Perry and the Profs
He picked the right fight.
Sep 19, 2011, Vol. 17, No. 01 • By ANDREW FERGUSON
If you want a glimpse of the way Rick Perry operates as an executive and a politician, consider the issue of higher education reform in Texas, which no one in Texas knew was an issue until Perry decided to make it one.
In his 30-year public career, Perry—how to put this delicately?—has shown no sign of being tortured by a gnawing intellectual curiosity. “He’s not the sort of person you’ll find reading The Wealth of Nations for the seventh time,” said Brooke Rollins, formerly Perry’s policy director and now president of the Texas Public Policy Foundation, a free-market research group closely allied with Perry. At Texas A&M he majored in animal science and escaped with a grade point average a bit over 2.0. (Perry’s A&M transcript was leaked last month to the left-wing blog Huffington Post by “a source in Texas,” presumably not his mom. How his GPA compares with Barack Obama’s is unknown, since no one in higher education has thought to leak Obama’s transcript to a right-wing blog.)

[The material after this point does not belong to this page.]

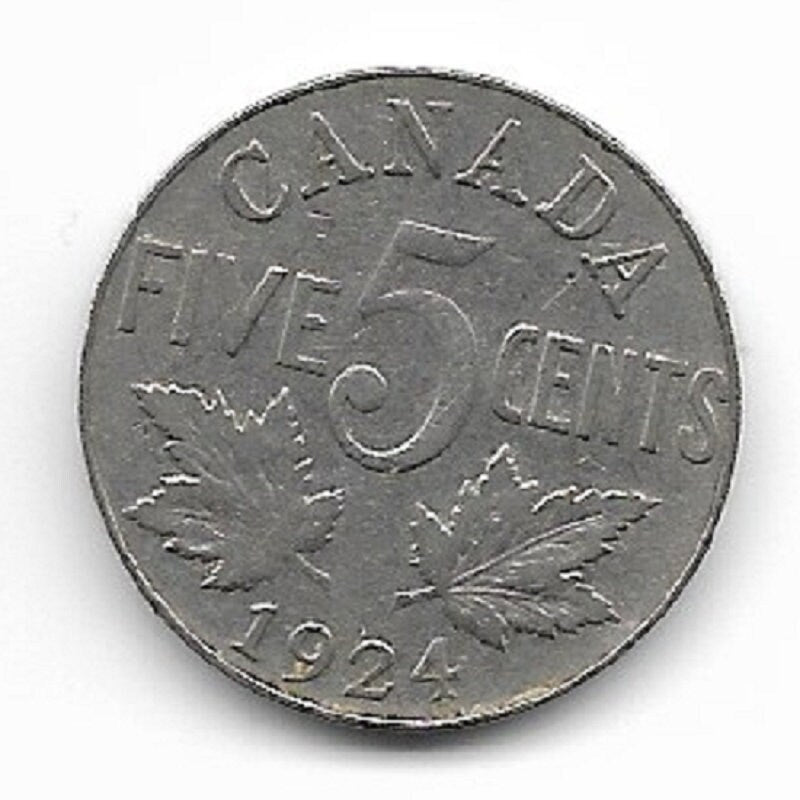 1924 CANADIAN NICKEL; Five Cent Coin; King George V; Vintage Nickel Coin; Maple Leaves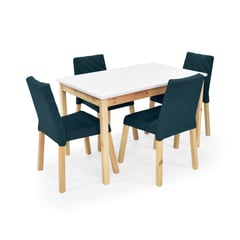 ROCA - Juego de Comedor Mesa Teba Madera + 4 Sillas Cataluna Azul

Perry expends his considerable intelligence instead on using political power and, what amounts to the same thing, picking fights with his political adversaries. When Rollins came to Perry in 2007 with a radical and comprehensive proposal to overhaul higher education in the state, Rollins says the governor quickly understood the potential of the issue, not only politically but on its merits. The state operates more than 100 colleges, universities, technical schools, and two-year community colleges, organized into six separate systems. As in other states, public higher education in Texas is scattered, expensive, poorly monitored, and top heavy with administrators, even as it subjects students to often large annual tuition increases without a compensatory increase in educational quality.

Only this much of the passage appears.